All her products are completely natural, the soap contains 100% traceable sustainable palm oil.
Clovelly Soap and Candles are available from the pretty little soap shop in the village of Clovelly as well as from their website shop. We now stock a limited collection too.
They are mindful of what they buy and use, recycling packaging and avoiding waste where possible. Their own packaging is minimal, plastic-free and fully recyclable.
Natural soap will last as long as soaps made with preservatives – it simply needs fresh air to breathe, and it is softer than most mass-produced bars.
To use Clovelly beautiful handmade soaps as shampoo and making the switch to soap shampoo bars
With our increasing awareness of plastic waste many people want to make the switch to a plastic free option whilst still having soft and shiny manageable hair.
Hair has been washed with soap for much longer than shampoo; detergents are a relatively new concept in our washing history. A few of us will remember having their hair washed with soap and rinsed with vinegar.
Soap is very different to shampoo, and it will take time for hair to adjust to the change.
The results with soap can vary hugely depending on your hair type and the water you have in your area.
The reduction in plastic and the benefits for your skin are worth a little trial an error.
Soap reacts with hard water and can leave a residue which can make hair feel waxy and heavy. Use a vinegar rinse and you won’t look back, vinegar is the perfect conditioner as it neutralises the hair and scalp removing the residue and allowing the scales on the hair to lay down properly making it smooth.

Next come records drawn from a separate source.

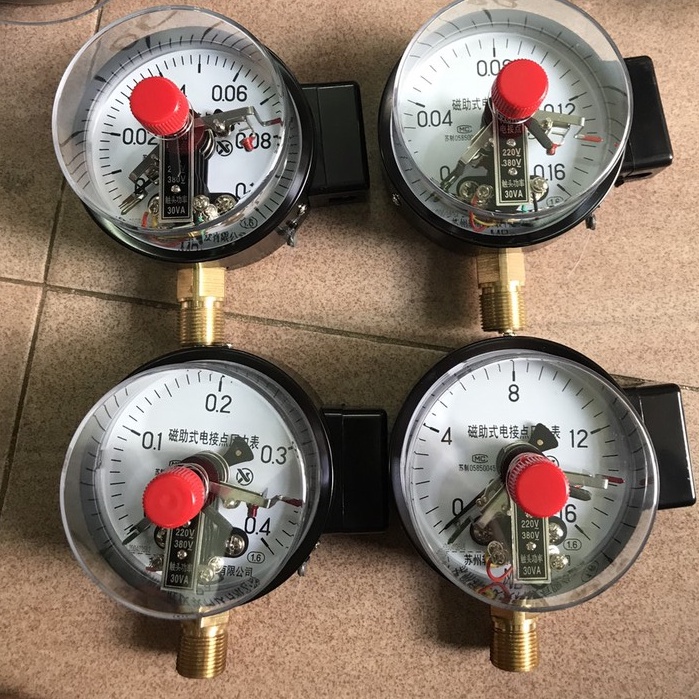 ĐỒNG HỒ ÁP SUẤT TIẾP ĐIỂM ĐIỆN 3 KIM YCX-100 chân đứng  Chân ren 20mm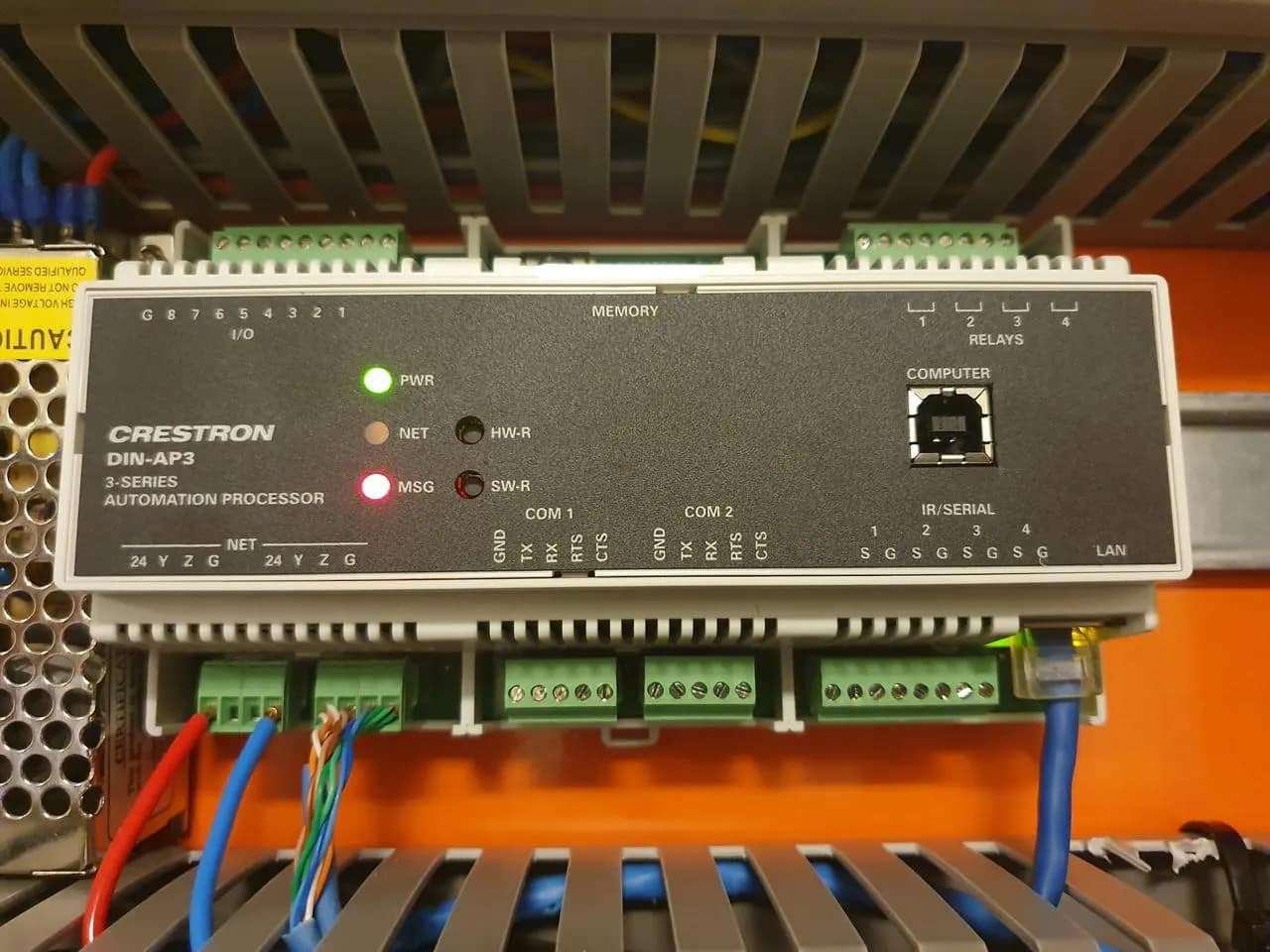 Controladora instalada com conexões de rede e energia.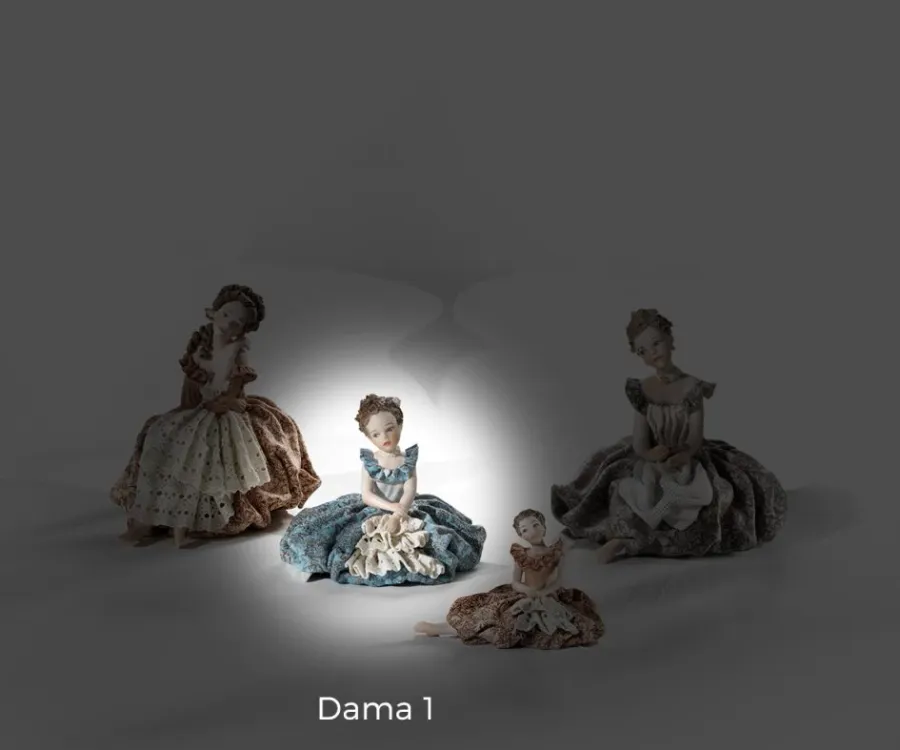 obrazek 1 Piękna figura kobiety z porcelany - Sibania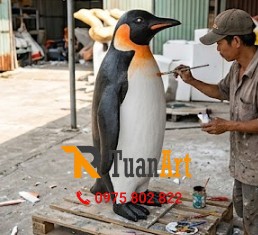 mô hình con Chim Cánh Cụt bằng xốp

Use a spray bottle with 1/3 cider vinegar and 2/3 water with a few drops of essential oil. After rinsing spray hair and rub in then rinse.
A little bit about Clovelly:
It is a picturesque, ancient, fishing village once owned by the Queen of England. From Elizabethan days until today, Clovelly has been in private ownership, which has helped preserve its original atmosphere.
Clinging to a 400-foot cliff, it has no vehicular traffic. The steep, cobbled street tumbles down to the harbour and C14th quay through flower-strewn cottages and winding lanes.
For those who do not want to walk back up, there is a fare-paying Land Rover service to return you to the top of the village.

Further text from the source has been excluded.